(Beginning of TASK MATERIAL)

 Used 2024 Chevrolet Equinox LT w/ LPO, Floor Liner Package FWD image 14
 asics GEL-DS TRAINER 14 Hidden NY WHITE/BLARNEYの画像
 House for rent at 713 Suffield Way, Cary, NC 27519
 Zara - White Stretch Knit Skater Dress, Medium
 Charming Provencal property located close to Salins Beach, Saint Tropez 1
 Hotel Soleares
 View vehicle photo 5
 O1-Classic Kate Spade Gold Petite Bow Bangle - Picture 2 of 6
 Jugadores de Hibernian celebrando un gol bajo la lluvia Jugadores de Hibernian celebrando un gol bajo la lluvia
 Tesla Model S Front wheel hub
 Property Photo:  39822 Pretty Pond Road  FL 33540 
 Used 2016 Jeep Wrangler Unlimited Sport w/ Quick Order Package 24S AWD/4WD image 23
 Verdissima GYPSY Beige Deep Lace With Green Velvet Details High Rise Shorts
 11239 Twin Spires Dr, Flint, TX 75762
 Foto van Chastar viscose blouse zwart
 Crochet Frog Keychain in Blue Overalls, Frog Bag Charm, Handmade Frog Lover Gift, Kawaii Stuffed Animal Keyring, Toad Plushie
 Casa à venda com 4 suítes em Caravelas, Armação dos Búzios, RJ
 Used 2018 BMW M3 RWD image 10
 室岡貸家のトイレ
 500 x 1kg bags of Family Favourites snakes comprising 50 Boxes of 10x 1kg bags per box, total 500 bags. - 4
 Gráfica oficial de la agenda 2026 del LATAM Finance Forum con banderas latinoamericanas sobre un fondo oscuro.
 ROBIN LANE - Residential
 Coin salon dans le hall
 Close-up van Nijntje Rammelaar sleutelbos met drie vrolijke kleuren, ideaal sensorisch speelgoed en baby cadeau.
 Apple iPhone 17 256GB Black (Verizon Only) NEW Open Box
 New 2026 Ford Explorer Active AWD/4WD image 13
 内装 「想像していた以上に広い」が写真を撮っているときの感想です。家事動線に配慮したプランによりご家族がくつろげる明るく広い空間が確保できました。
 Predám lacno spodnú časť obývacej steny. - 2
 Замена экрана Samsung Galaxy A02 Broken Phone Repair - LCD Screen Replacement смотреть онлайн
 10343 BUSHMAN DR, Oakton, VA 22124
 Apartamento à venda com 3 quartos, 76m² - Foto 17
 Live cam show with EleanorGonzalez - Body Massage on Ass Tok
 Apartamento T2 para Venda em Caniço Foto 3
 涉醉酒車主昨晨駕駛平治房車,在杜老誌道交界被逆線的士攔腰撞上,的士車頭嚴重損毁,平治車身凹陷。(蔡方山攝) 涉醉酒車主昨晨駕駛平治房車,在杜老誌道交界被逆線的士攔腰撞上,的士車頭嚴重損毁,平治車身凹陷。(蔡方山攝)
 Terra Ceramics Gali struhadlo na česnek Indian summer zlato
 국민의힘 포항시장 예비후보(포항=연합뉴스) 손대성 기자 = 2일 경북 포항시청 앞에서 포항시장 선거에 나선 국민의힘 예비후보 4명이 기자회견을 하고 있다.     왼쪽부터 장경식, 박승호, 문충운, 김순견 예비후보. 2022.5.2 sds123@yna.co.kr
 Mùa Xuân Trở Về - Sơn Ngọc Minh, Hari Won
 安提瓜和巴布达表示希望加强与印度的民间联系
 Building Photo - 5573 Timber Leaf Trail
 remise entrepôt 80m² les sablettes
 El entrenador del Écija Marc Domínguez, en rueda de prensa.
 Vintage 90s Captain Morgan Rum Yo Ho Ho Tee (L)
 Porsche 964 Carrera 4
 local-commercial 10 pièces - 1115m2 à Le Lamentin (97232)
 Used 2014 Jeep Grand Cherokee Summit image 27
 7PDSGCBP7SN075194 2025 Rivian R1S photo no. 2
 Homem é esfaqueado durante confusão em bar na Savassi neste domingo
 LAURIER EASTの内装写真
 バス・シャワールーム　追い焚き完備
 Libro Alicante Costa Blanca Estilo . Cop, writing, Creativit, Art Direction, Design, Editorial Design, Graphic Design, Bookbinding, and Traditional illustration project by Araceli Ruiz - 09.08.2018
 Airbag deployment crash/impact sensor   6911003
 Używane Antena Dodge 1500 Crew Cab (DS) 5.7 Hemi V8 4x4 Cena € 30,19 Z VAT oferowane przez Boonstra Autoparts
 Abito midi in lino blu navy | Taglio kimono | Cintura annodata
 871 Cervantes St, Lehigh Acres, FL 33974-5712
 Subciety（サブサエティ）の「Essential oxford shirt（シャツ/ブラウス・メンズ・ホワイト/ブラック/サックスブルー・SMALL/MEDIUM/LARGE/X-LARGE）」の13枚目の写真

(End of TASK MATERIAL)

Return, line for line and unchanged, the data from its first line through the line containing "Tesla Model S Front wheel hub".

 Used 2024 Chevrolet Equinox LT w/ LPO, Floor Liner Package FWD image 14
 asics GEL-DS TRAINER 14 Hidden NY WHITE/BLARNEYの画像
 House for rent at 713 Suffield Way, Cary, NC 27519
 Zara - White Stretch Knit Skater Dress, Medium
 Charming Provencal property located close to Salins Beach, Saint Tropez 1
 Hotel Soleares
 View vehicle photo 5
 O1-Classic Kate Spade Gold Petite Bow Bangle - Picture 2 of 6
 Jugadores de Hibernian celebrando un gol bajo la lluvia Jugadores de Hibernian celebrando un gol bajo la lluvia
 Tesla Model S Front wheel hub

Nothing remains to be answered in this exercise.